With the blowing of the trumpet in 1 Thessalonians 4:16, Christ Himself and not the elect angels gather living church age believers to Himself whereas in Revelation the purpose of the blowing of the trumpet by angels to execute judgment during the last three and a half years of Daniel’s Seventieth Week.
The purpose of the trumpet in Joel 2:1 to assemble Israel and warn them against danger.
The trumpet in Joel is an alarm to the nation of Israel that signals that the day of the Lord has begun.
In Joel 2, the armies of Israel and her people are being warned of an impending attack.
The result of the blowing of the “great trumpet” in Matthew 24:31 results in entrance into the kingdom or millennial kingdom of Christ whereas the result of the blowing of the trumpet in 1 Corinthians 15:52 is the resurrection of church age believers.
The result of the blowing of the trumpet of God in 1 Thessalonians 4:16 is also the resurrection of church age believers whereas the result of the blowing of the trumpets by elect angels in Revelation 8 is the execution of judgments during the last three and a half years of Daniel’s Seventieth Week.
The result of the blowing of the trumpet in Joel 2 is war and an invasion from an enemy.
Therefore, because of these obvious differences between these trumpets, the trumpets of Revelation 8 and the “great trumpet” in Matthew 24:31 and the trumpet of Joel 2:1 do not take place at the same time as the trumpets mentioned by Paul in 1 Corinthians 15:52 and 1 Thessalonians 4:16.
The “last trumpet” of 1 Corinthians 15:52 is thought by some expositors of the Bible to be associated with the trumpet judgments that appear in Revelation 8.
Consequently, they place the rapture at the end of the Tribulation period, i.e.
Daniel’s Seventieth Week.
However, a comparison of the differences between the various trumpets mentioned in Revelation 8, Joel 2:1, Matthew 24:31, 1 Corinthians 15:52 and 1 Thessalonians 4:16, indicates quite clearly that the “last trumpet” in 1 Corinthians 15:52 is the very voice of the Lord Jesus Christ calling out the church in resurrection.
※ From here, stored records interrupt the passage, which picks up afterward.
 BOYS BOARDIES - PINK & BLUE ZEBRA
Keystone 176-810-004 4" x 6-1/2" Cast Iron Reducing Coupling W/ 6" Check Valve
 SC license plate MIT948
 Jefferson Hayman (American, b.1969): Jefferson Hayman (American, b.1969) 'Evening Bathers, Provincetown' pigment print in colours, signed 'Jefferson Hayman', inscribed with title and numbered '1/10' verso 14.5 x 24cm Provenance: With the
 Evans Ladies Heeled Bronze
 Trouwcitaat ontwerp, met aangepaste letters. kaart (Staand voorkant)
The “last trumpet” of 1 Corinthians 15:52 and the “trumpet of God” in 1 Thessalonians 4:16 both result in the resurrection of the church and the purpose of both are to gather the church to Christ and they are not blown by elect angels.
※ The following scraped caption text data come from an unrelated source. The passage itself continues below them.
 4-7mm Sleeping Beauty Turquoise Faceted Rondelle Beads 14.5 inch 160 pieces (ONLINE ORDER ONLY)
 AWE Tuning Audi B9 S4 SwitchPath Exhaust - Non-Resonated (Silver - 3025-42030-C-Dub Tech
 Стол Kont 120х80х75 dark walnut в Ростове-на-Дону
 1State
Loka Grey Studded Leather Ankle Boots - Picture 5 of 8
Whereas, the trumpet judgments of Revelation 8 and the “great trumpet” in Matthew 24:31 are blown by elect angels and the result of the former is the execution of judgments during the Tribulation whereas the result of the latter is entrance into Christ’s millennial kingdom.
[1] Walvoord, John F.. The Rapture Question (pp.
71-73).
Zondervan.
Kindle Edition.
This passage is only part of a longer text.